Recipe by Bert's Kitchen Witch
This is a Greek recipe for Pork that I copied from a magazine a few years ago. Unfortunately, I do not remember the name of the magazine. It was on Mediterranean Cooking, and I have since given it away to a friend.
Top Review by FLKeysJen
I have never worked with coriander seeds and what a great flavor and scent! I toasted them first and the whole house smelled good, then put it a plastic bag and pounded them with a meat tenderizer. This is good and you can definitely taste both the wine and coriander. I leave four stars instead of five only because I had lots of liquid leftover at the end. I'm not sure why it didn't burn off but it would be nice to turn it into a thick sauce which I may try if it happens again next time.

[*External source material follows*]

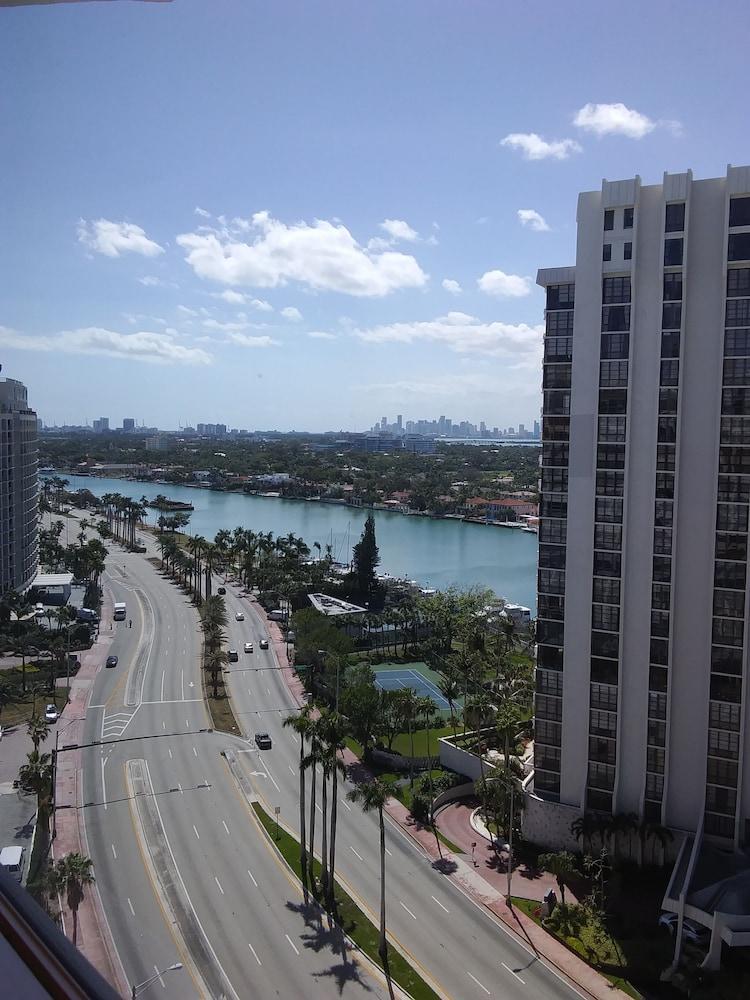 Dw Oceanfront Resort ไมอามีบีช ภายนอก รูปภาพ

- 1 1⁄2 lbs pork loin (cubed in 1-inch pieces)
- 1⁄2 teaspoon sea salt
- 1⁄2 teaspoon black pepper
- 2 cups dry red wine
- 2 tablespoons coriander seeds (crushed well)
- 3 tablespoons olive oil
Directions See How It's Made
- Season the pork cubes with the salt, and pepper.
- Combine the coriander seeds with the wine in a large dish, add pork, and cover.
- Refrigerate for 2-4 hours, stirring once or twice.
- Heat oil in a large enough pot.
- Using a slotted spoon, remove pork from the wine marinade, and reserve the marinade.
- Brown pork, turning frequently,until well browned on all sides, about 10 minutes.
- Add reserved marinade back into pot.
- Add enough water to just cover the meat.
- Bring to a boil.
- Reduce heat, cover pot, and simmer 30-45 minutes, until meat is fork tender and most of the liquid has evaporated.
- Taste, and re season with more salt and pepper, if desired.